---------- Recorded data ----------

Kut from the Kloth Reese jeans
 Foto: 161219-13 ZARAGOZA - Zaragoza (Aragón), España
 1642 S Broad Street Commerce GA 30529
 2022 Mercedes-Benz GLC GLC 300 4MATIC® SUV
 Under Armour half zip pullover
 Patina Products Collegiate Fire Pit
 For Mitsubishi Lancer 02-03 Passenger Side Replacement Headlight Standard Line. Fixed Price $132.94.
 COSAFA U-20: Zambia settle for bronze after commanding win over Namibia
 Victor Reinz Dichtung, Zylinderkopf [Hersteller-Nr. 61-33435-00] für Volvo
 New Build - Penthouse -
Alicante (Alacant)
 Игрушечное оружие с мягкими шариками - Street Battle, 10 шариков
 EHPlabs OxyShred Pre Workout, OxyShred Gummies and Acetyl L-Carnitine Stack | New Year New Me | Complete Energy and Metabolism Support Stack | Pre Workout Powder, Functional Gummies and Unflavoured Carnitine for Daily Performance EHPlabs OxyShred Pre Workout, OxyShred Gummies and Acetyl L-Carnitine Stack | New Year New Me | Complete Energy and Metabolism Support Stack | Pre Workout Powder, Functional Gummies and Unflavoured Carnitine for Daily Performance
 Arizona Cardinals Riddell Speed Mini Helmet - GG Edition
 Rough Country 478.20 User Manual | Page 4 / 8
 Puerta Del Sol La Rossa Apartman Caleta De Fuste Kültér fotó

----------

§ Assigned task
Output nothing but the lines from the one containing "Under Armour half zip pullover" to the end of the listing, both of those included, exactly as given.

§ Answer box
 Under Armour half zip pullover
 Patina Products Collegiate Fire Pit
 For Mitsubishi Lancer 02-03 Passenger Side Replacement Headlight Standard Line. Fixed Price $132.94.
 COSAFA U-20: Zambia settle for bronze after commanding win over Namibia
 Victor Reinz Dichtung, Zylinderkopf [Hersteller-Nr. 61-33435-00] für Volvo
 New Build - Penthouse -
Alicante (Alacant)
 Игрушечное оружие с мягкими шариками - Street Battle, 10 шариков
 EHPlabs OxyShred Pre Workout, OxyShred Gummies and Acetyl L-Carnitine Stack | New Year New Me | Complete Energy and Metabolism Support Stack | Pre Workout Powder, Functional Gummies and Unflavoured Carnitine for Daily Performance EHPlabs OxyShred Pre Workout, OxyShred Gummies and Acetyl L-Carnitine Stack | New Year New Me | Complete Energy and Metabolism Support Stack | Pre Workout Powder, Functional Gummies and Unflavoured Carnitine for Daily Performance
 Arizona Cardinals Riddell Speed Mini Helmet - GG Edition
 Rough Country 478.20 User Manual | Page 4 / 8
 Puerta Del Sol La Rossa Apartman Caleta De Fuste Kültér fotó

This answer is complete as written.